Aim of the task
Exactly and only the lines from the one with "CEDO Realme 9" through the end of the listing are to be transcribed, both ends included.
++++
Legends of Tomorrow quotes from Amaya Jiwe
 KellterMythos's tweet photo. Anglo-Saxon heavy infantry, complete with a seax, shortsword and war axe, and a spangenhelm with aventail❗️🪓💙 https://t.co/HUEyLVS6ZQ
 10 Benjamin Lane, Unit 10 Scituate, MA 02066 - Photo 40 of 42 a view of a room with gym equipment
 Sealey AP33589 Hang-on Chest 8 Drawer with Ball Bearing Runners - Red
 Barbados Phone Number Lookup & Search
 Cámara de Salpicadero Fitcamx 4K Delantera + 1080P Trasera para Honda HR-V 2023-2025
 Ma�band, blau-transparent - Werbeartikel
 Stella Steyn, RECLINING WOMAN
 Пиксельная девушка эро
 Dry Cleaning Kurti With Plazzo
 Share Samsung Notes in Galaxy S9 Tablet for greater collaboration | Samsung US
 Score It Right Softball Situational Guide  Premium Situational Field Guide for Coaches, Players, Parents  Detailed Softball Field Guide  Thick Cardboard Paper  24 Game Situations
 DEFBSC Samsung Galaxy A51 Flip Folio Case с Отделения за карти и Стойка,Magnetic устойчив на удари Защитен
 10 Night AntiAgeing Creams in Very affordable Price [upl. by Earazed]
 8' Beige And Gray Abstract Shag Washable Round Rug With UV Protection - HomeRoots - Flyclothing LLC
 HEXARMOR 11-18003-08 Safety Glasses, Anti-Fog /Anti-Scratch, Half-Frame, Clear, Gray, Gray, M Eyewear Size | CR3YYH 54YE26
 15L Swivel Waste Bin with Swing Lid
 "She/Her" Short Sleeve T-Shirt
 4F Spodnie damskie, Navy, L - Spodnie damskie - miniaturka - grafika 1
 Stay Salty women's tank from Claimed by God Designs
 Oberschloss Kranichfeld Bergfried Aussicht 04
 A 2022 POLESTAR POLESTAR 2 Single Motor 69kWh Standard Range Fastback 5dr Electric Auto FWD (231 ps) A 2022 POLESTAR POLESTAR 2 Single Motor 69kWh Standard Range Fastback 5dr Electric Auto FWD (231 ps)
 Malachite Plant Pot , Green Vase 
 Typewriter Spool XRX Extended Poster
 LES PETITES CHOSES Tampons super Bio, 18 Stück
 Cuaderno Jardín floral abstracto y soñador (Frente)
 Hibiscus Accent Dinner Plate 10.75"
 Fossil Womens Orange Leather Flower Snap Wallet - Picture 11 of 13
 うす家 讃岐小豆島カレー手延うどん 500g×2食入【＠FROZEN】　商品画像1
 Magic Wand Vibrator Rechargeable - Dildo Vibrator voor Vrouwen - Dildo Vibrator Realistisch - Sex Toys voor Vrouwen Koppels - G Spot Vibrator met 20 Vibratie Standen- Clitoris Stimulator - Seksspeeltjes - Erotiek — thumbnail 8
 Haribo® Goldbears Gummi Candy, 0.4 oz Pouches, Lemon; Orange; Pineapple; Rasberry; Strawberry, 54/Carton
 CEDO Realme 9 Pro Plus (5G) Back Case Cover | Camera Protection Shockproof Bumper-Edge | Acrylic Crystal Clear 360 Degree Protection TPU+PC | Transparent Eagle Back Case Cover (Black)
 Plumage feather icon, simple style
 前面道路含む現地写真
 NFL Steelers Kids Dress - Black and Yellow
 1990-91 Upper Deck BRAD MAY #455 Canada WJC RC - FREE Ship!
++++
Answer space
 CEDO Realme 9 Pro Plus (5G) Back Case Cover | Camera Protection Shockproof Bumper-Edge | Acrylic Crystal Clear 360 Degree Protection TPU+PC | Transparent Eagle Back Case Cover (Black)
 Plumage feather icon, simple style
 前面道路含む現地写真
 NFL Steelers Kids Dress - Black and Yellow
 1990-91 Upper Deck BRAD MAY #455 Canada WJC RC - FREE Ship!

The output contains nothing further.